Triângulo da Tristeza | Cobertura da 46ª Mostra de Cinema de São Paulo

O primeiro filme que conferimos na 46ª edição da Mostra Internacional de Cinema de São Paulo foi o vencedor do prêmio máximo do Festival de Cannes deste ano, a Palma de Ouro. Triângulo da Tristeza é uma tragicomédia que explora um tema já conhecido do vivido espectador do gênero: a dissonância entre classes. O cenário escolhido para examinar essas relações é um iate de luxo no estilo mais ‘downton abbey-iano’ possível: no andar de baixo, a criadagem que serve e obedece, e em cima, os simpáticos ricos que mandam e querem tudo e todos. E, claro, há também personagens mistos que servem a narrativa uma transição interessante, quebrando a dualidade estrita imposta pela premissa, não são da classe mais alta, nem da mais baixa, se encontram perdidos ao mesmo tempo que nos auxiliam a encontrar as ideias do filme.

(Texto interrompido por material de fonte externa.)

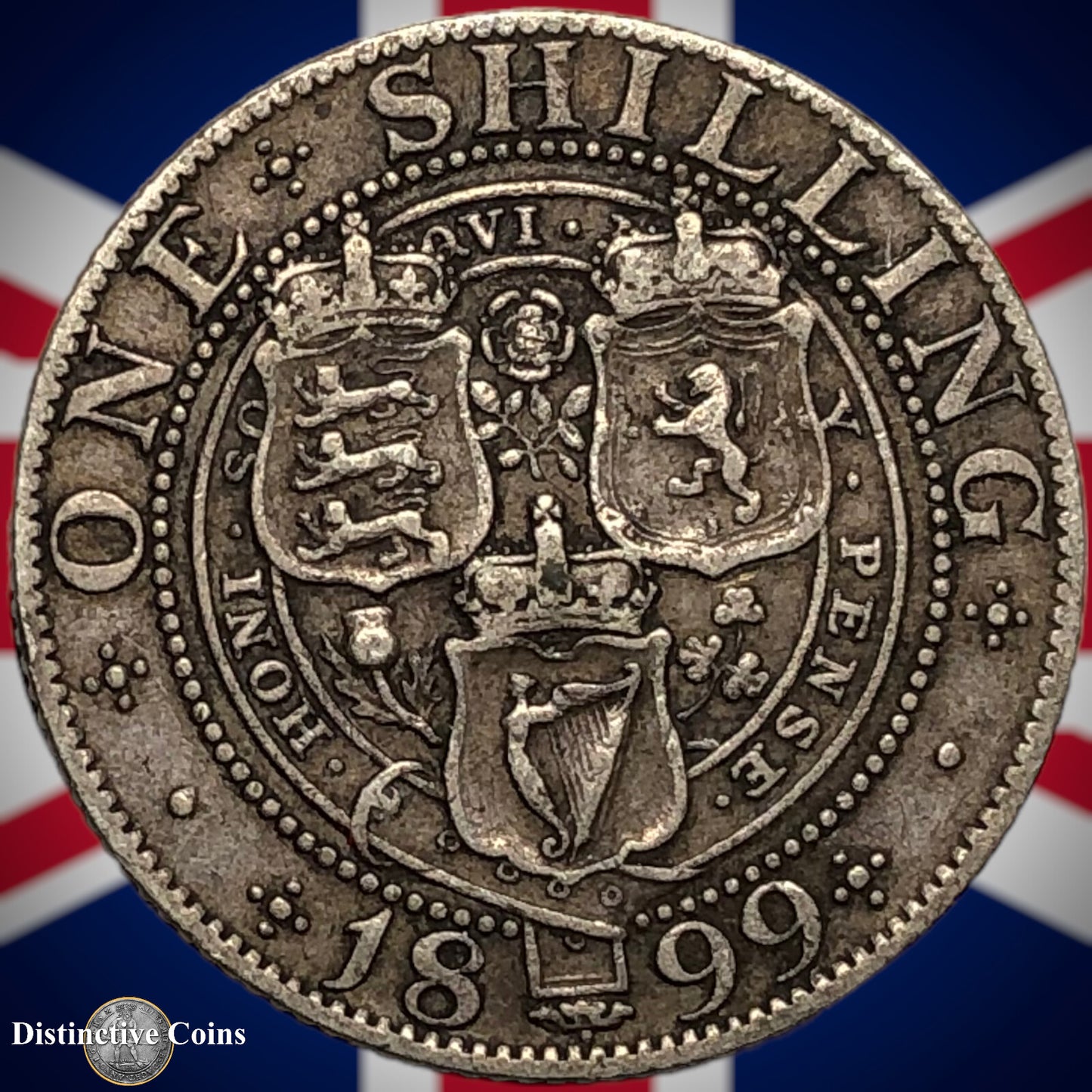Great Britain 1899 British One Shilling GB0701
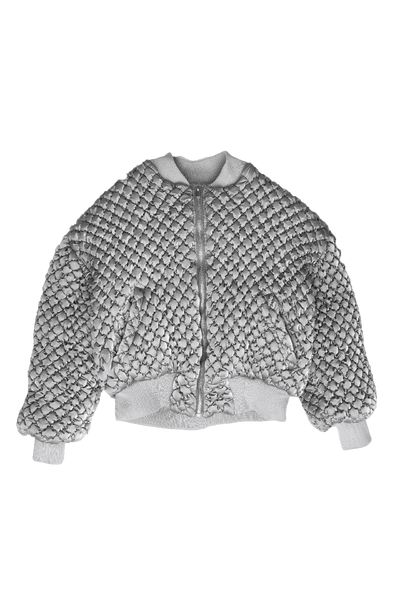 BOMBER JACKET SILVER – Chaos Gone Global PL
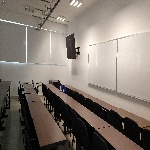 Fotografía del salón de clases 201 ubicado en el segundo piso edificio FM6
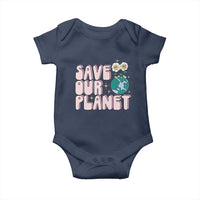 Earth Day Save Our Planet Baby Onesie Cute Retro Groove Flower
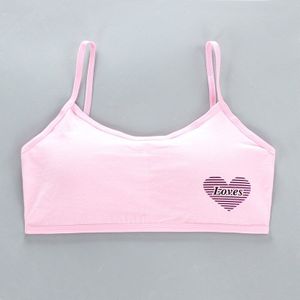 8-16 Jaar Katoen Meisjes Training Beha Adolescente Meisje Sport Bras Tiener Meisje Ondergoed Push Up Tieners Bras met Borst Pad Kleding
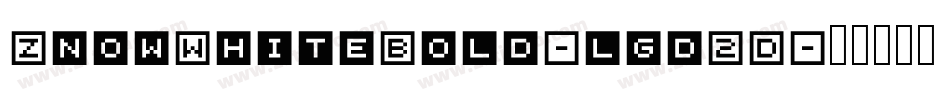 ZnowWhiteBold-lgd2D字体转换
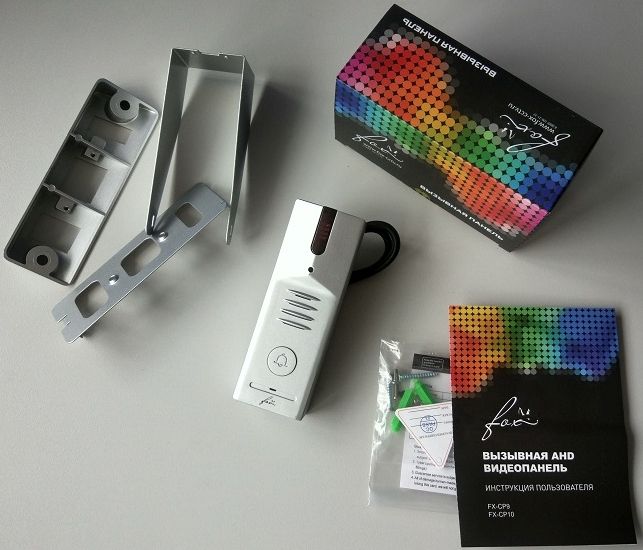 Видеопанель FX-CP10 цвет панели: серебристый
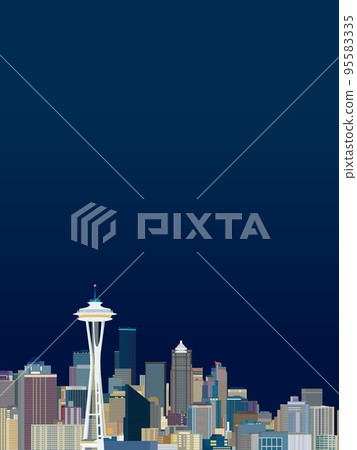 Seattle seattle space needle night view 95583335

Ainda continuando com a comparação, se em Downton Abbey, a classe dominante era representada por velhos ricos, ainda dotados de títulos de nobreza na Inglaterra do início do século XX, em Triângulo da Tristeza há uma diversidade no que tange a essa classe. O filme, de fato, se inicia não no iate, mas sim em um casting de modelos masculinos. Lá conhecemos Carl (Harris Dickinson), um modelo masculino já um pouco mais velho pelos parâmetros da indústria e, que, apesar de sua beleza, ainda não conseguiu um patamar consolidado em sua carreira. Carl, que até então parece ser o protagonista do filme, vive um relacionamento com Yaya, também modelo. É nessa relação que o filme explora uma primeira dualidade social: Yaya e Carl, mesmo tendo a mesma profissão, não ganham o mesmo dinheiro, algo que se reflete nos momentos experienciados durante o filme. Essa discrepância é tema de debate e de longas cenas nos momentos iniciais do longa, momentos esses focados estritamente no casal.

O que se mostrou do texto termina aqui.